Work request >>
Images should be left out, and everything else in the listing reproduced exactly.

Information supplied >>
________

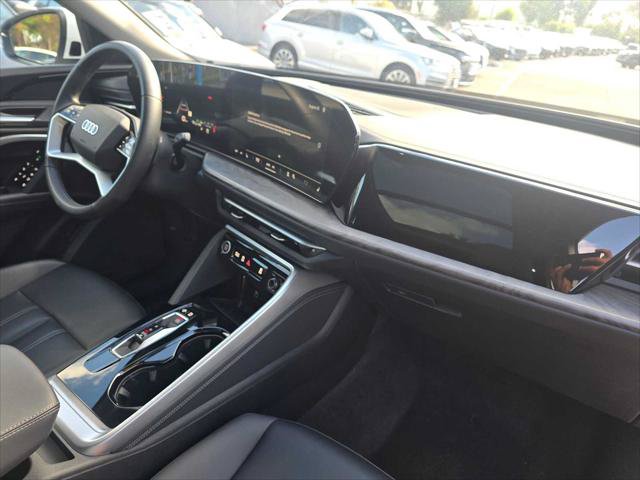 Used 2025 Audi Q5 Premium w/ Convenience Package AWD/4WD image 11
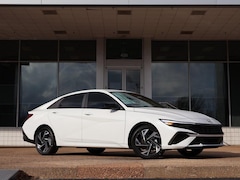 2025 Hyundai Elantra SEL Sport Sedan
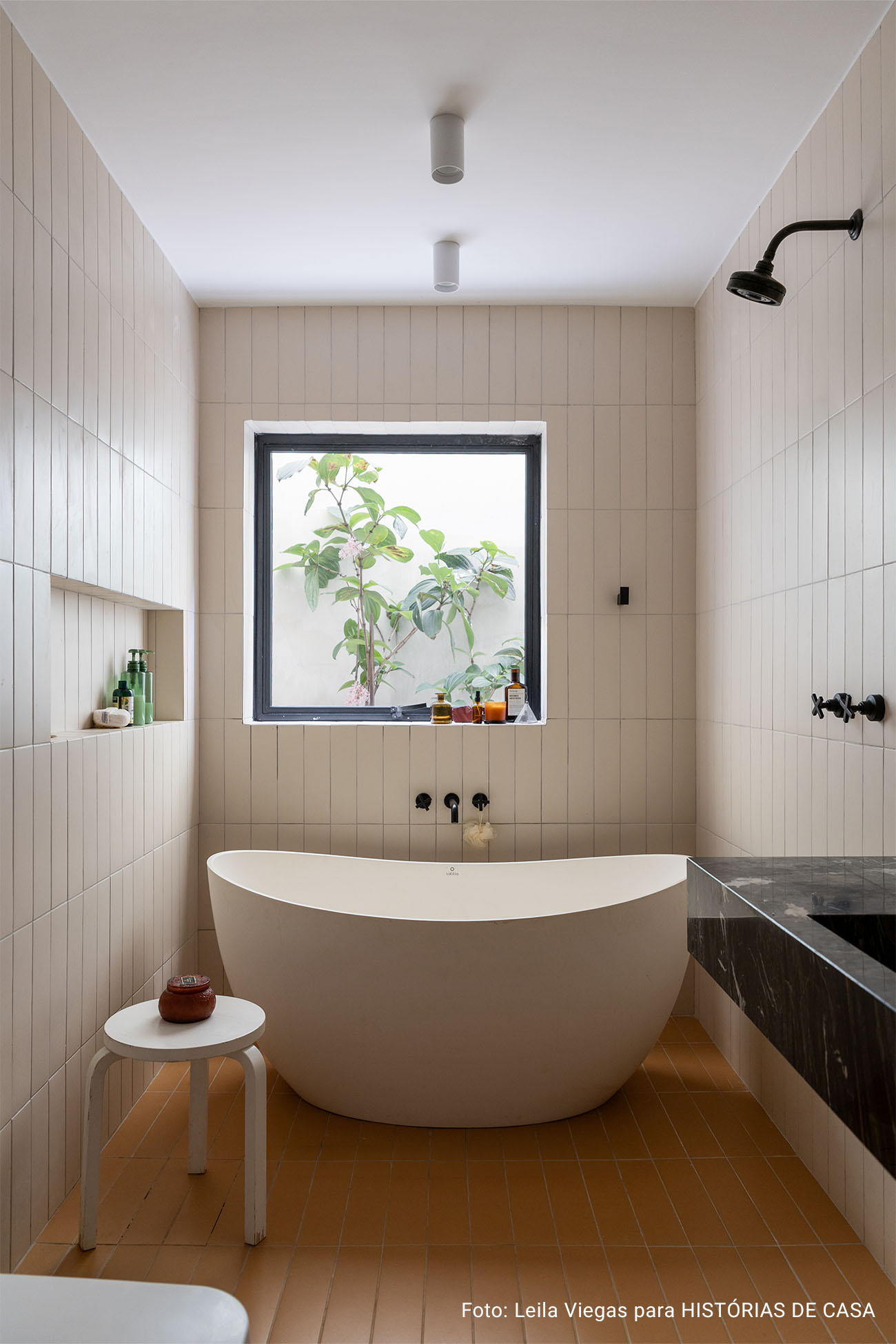 O movimento constante de uma casa viva (e festiva)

________

Task solution >>
 Used 2025 Audi Q5 Premium w/ Convenience Package AWD/4WD image 11
 2025 Hyundai Elantra SEL Sport Sedan
 O movimento constante de uma casa viva (e festiva)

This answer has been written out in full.